PROVIDED RECORDS:
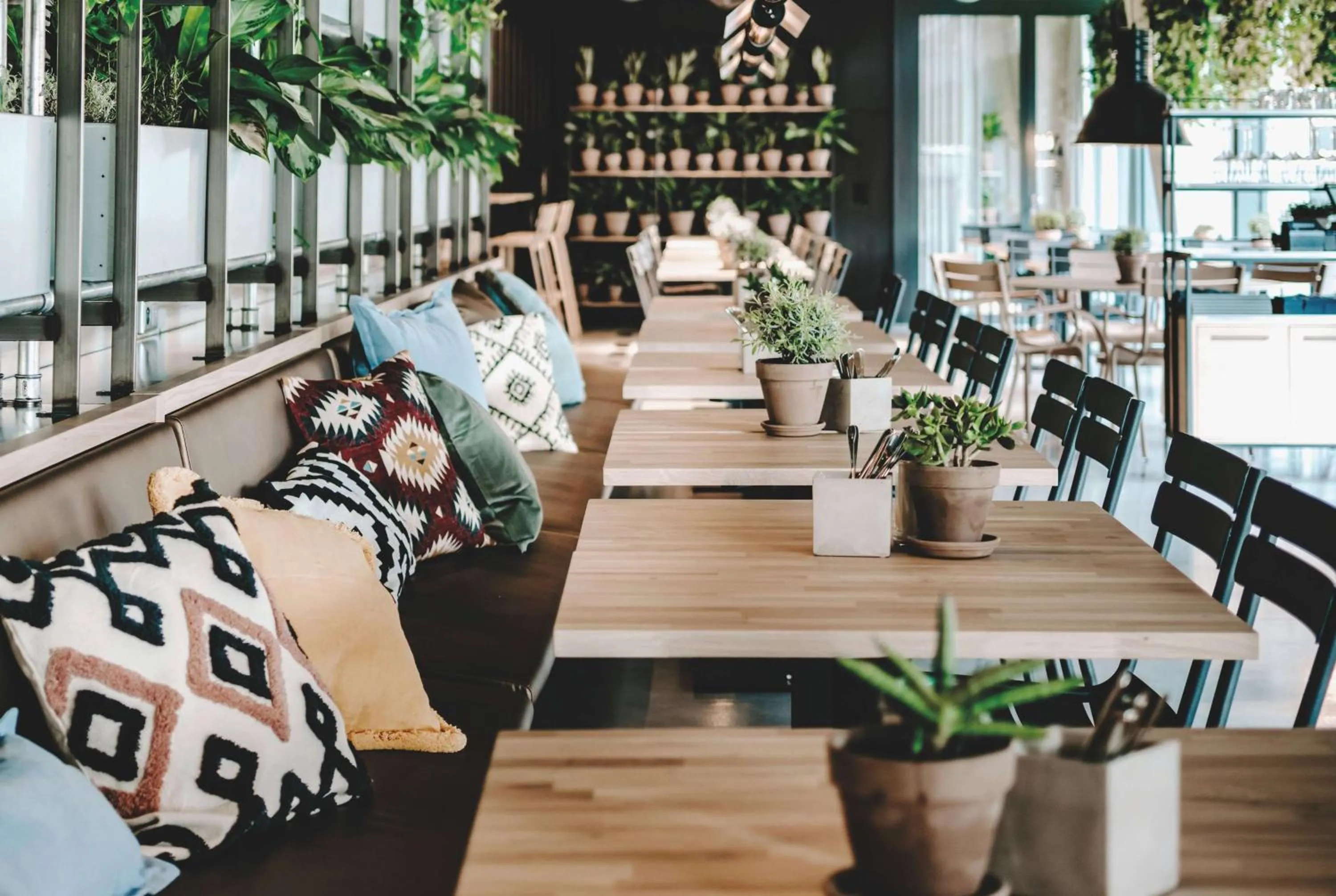 Restaurant/places to eat in Vienna House by Wyndham Mokotow Warsaw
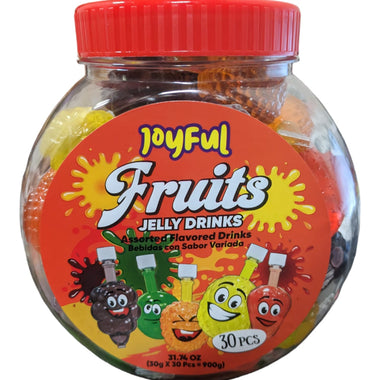 Joyful Fruit Jelly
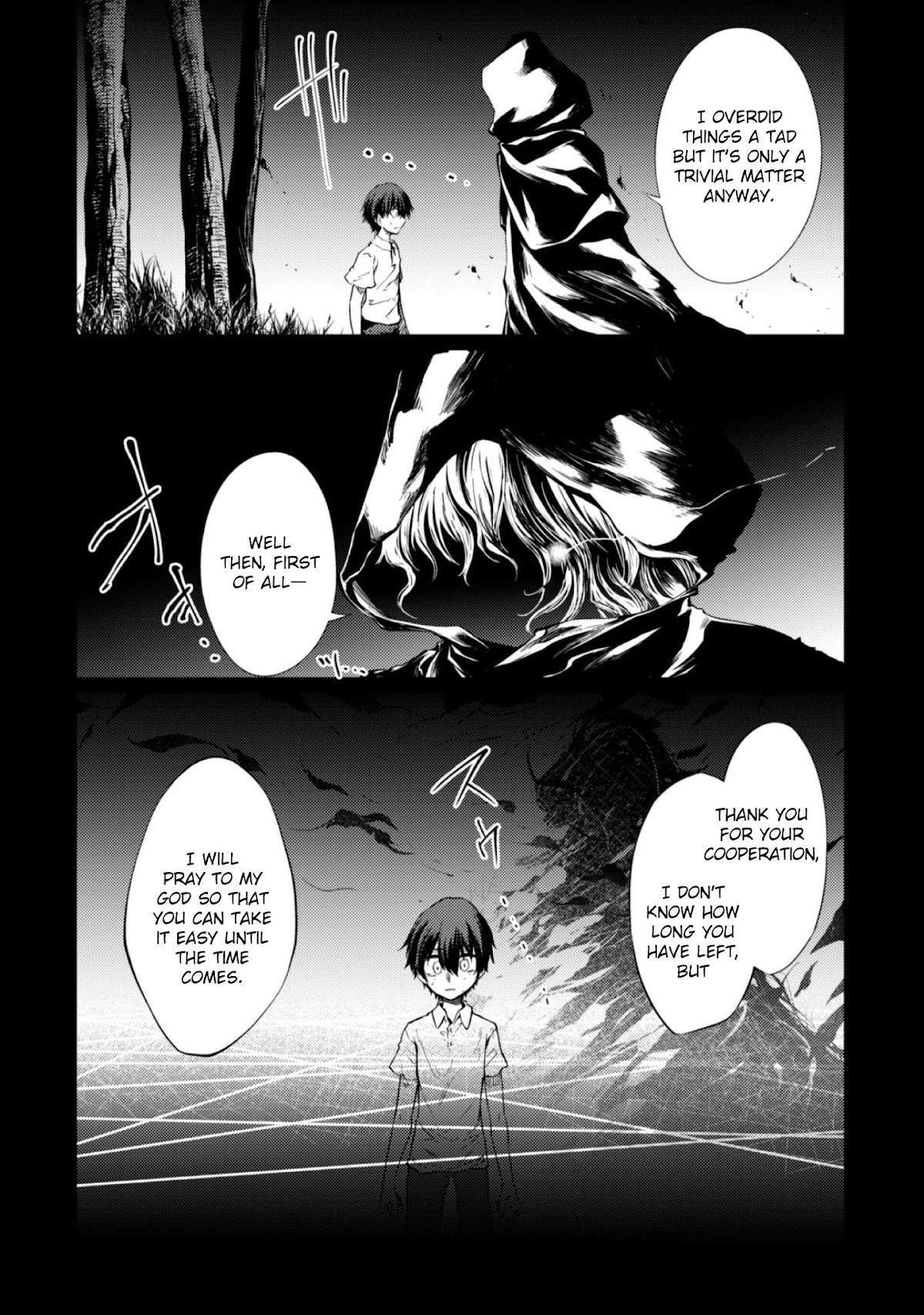 Moto Saikyou no Kenshi wa, Isekai Mahou ni Akogareru Chapter 15 page 2 - Chapter 15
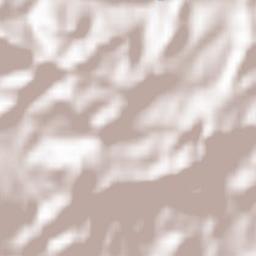 Casabona Terrain Map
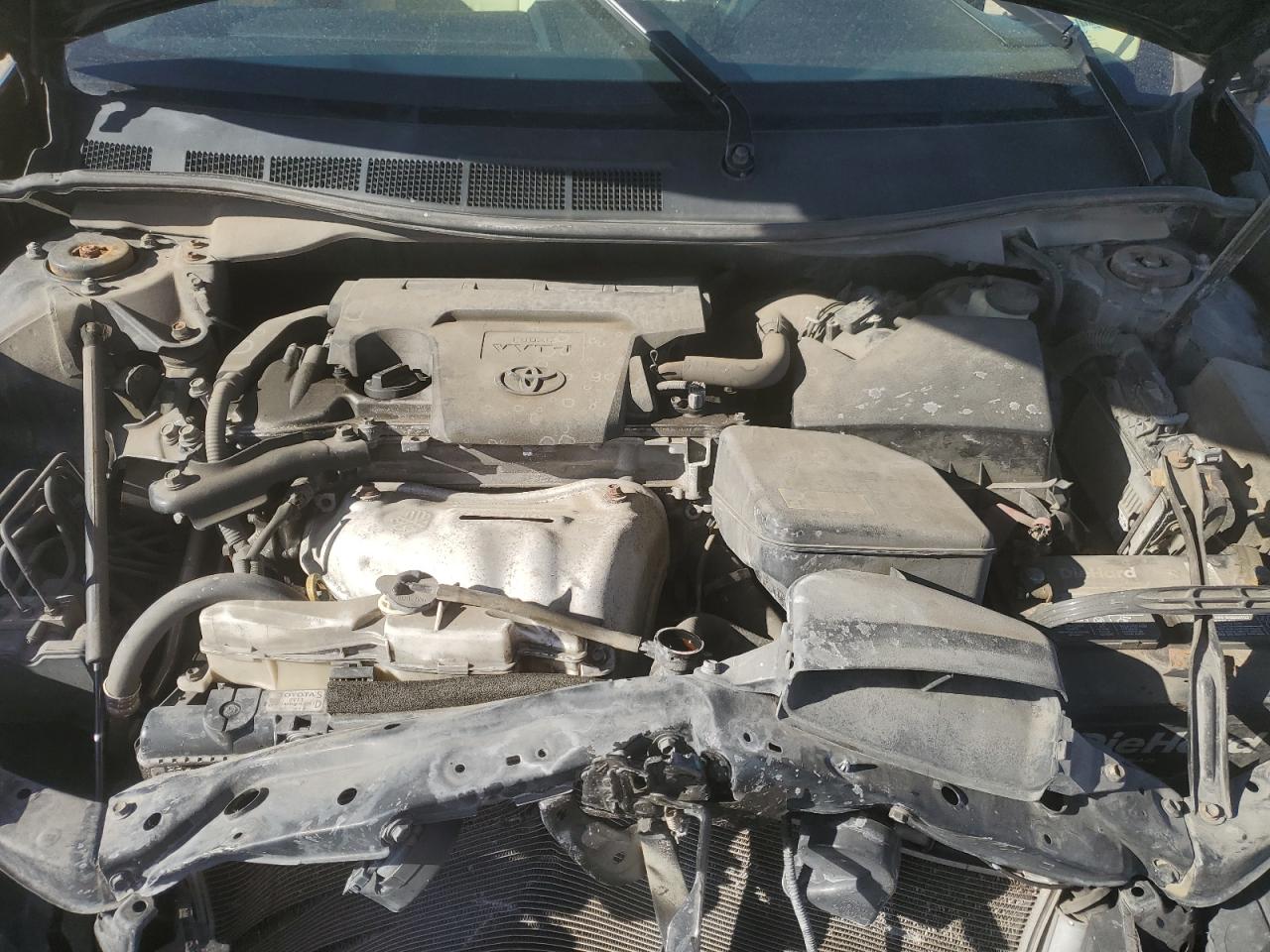 2015 Toyota Camry Le VIN: 4T4BF1FK7FR480546 Lot: 91267955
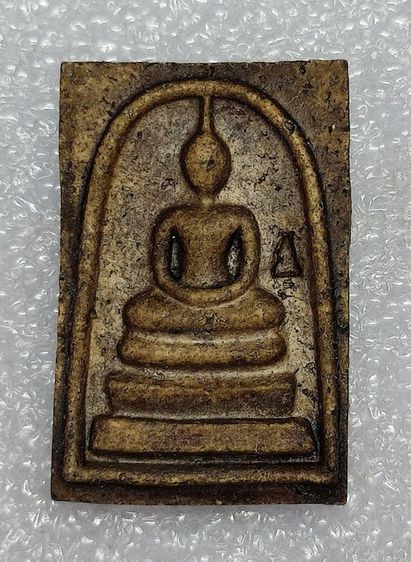 พระสมเด็จวัดระฆัง พิมพ์พระประธาน รูปที่ 3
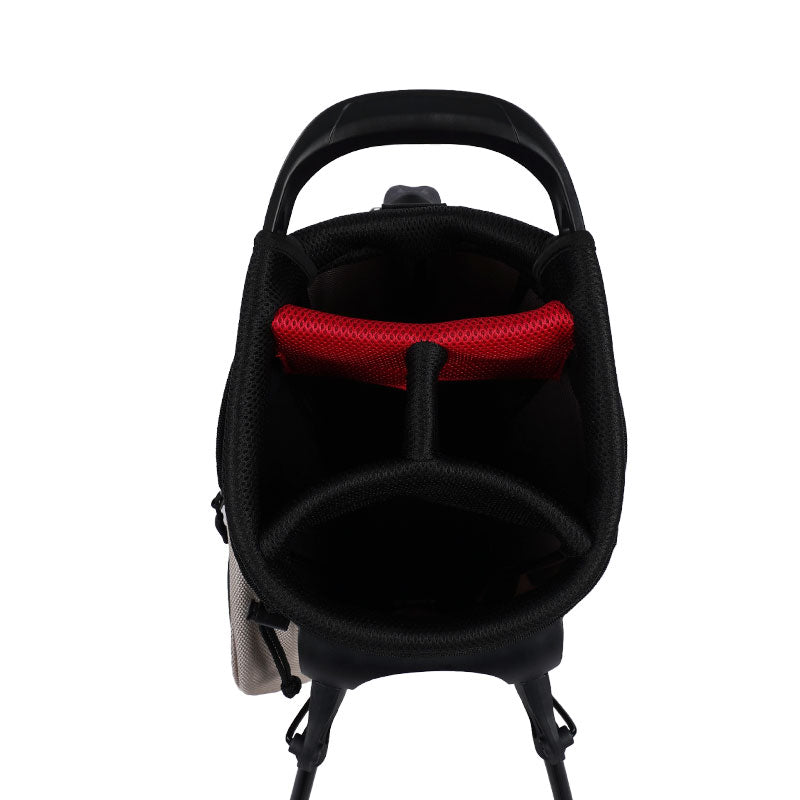 TAYLORMADE Concept One Stand Bag (Beige/Black)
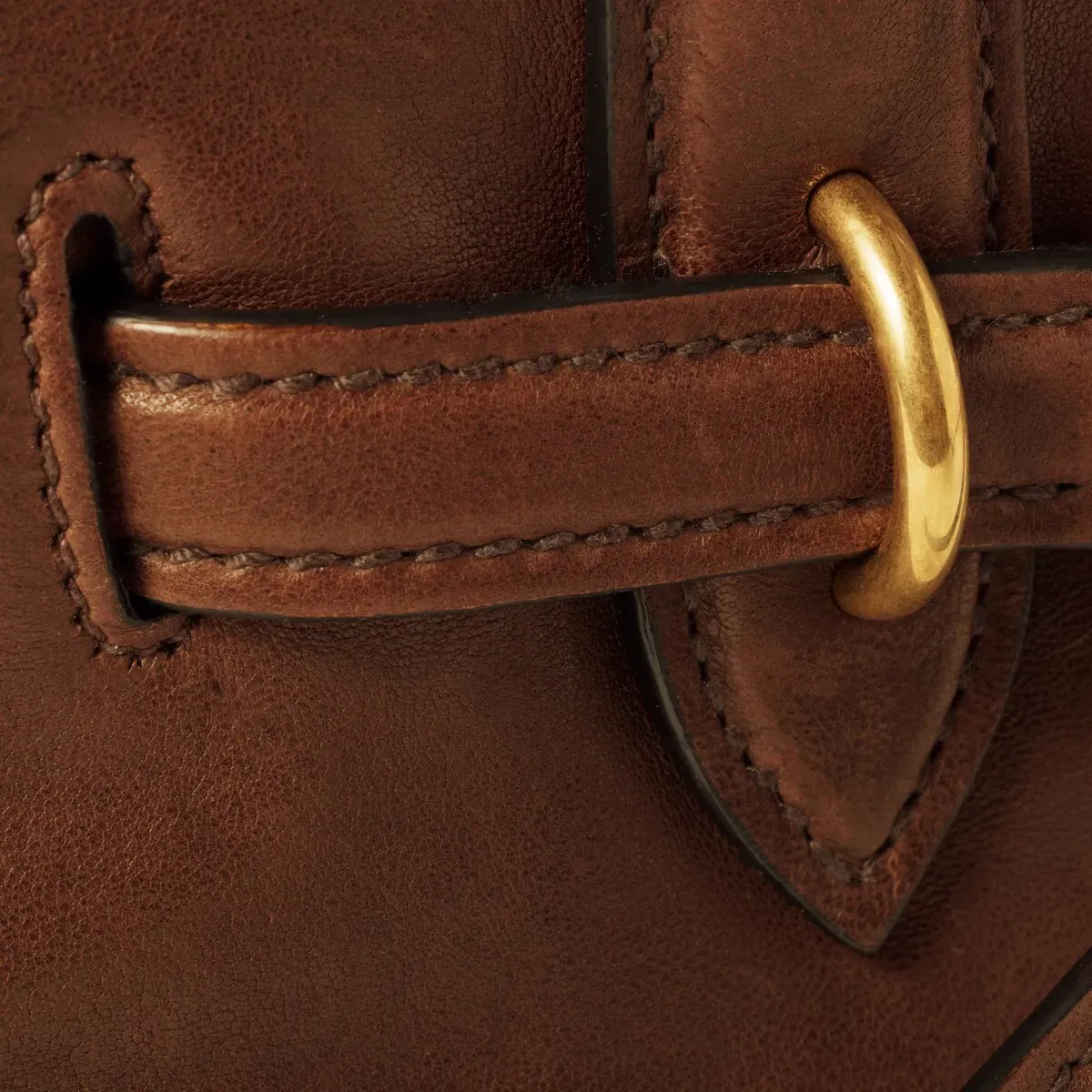 【MIU MIU】アバンチュール ナッパレザー トップハンドルバッグ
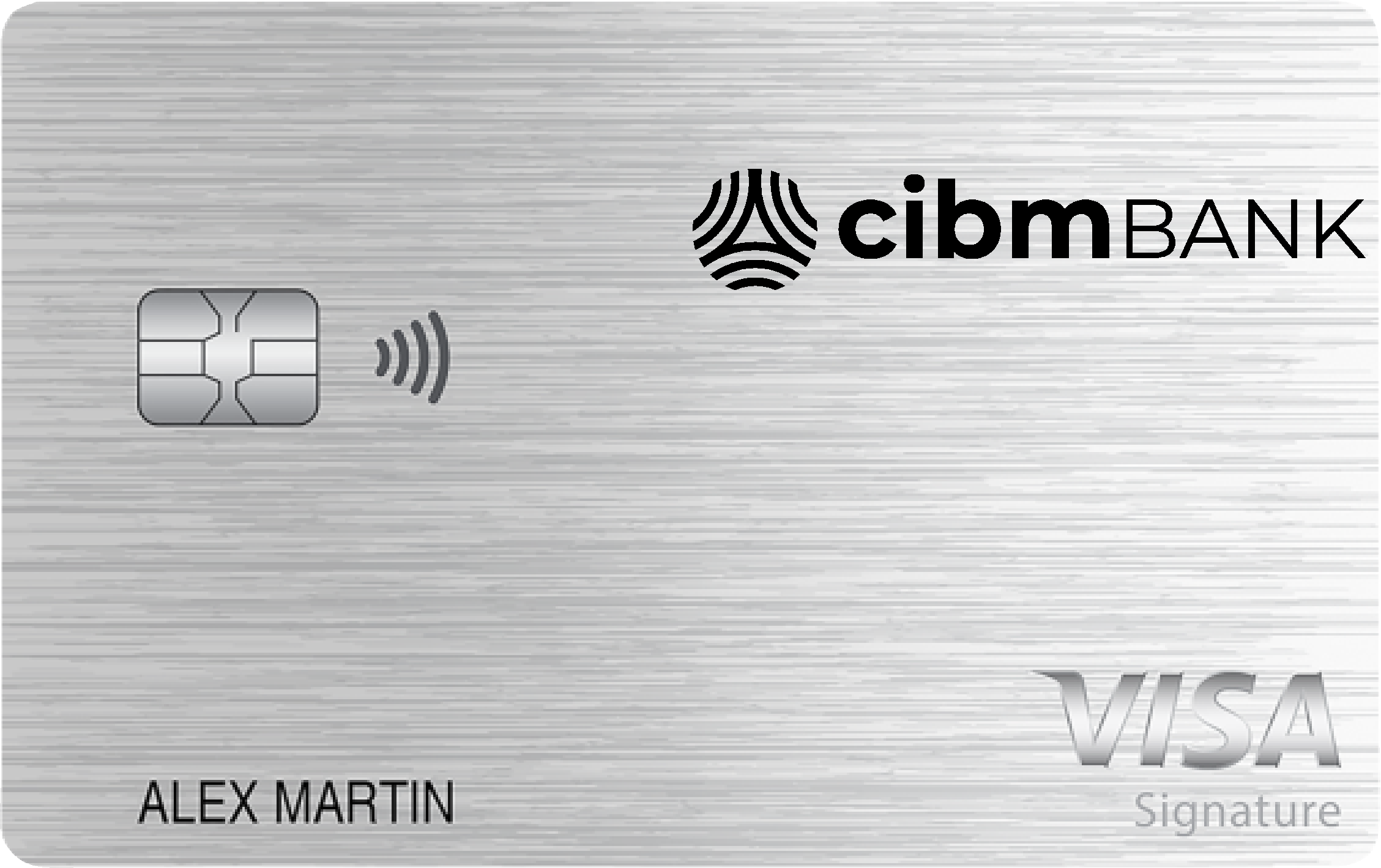 CIBM Bank Everyday Rewards+ Card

ACTIVITY: Exactly as written, print each entry, leaving all pictures out.

COMPLETED EXERCISE:
 Restaurant/places to eat in Vienna House by Wyndham Mokotow Warsaw
 Joyful Fruit Jelly
 Moto Saikyou no Kenshi wa, Isekai Mahou ni Akogareru Chapter 15 page 2 - Chapter 15
 Casabona Terrain Map
 2015 Toyota Camry Le VIN: 4T4BF1FK7FR480546 Lot: 91267955
 พระสมเด็จวัดระฆัง พิมพ์พระประธาน รูปที่ 3
 TAYLORMADE Concept One Stand Bag (Beige/Black)
 【MIU MIU】アバンチュール ナッパレザー トップハンドルバッグ
 CIBM Bank Everyday Rewards+ Card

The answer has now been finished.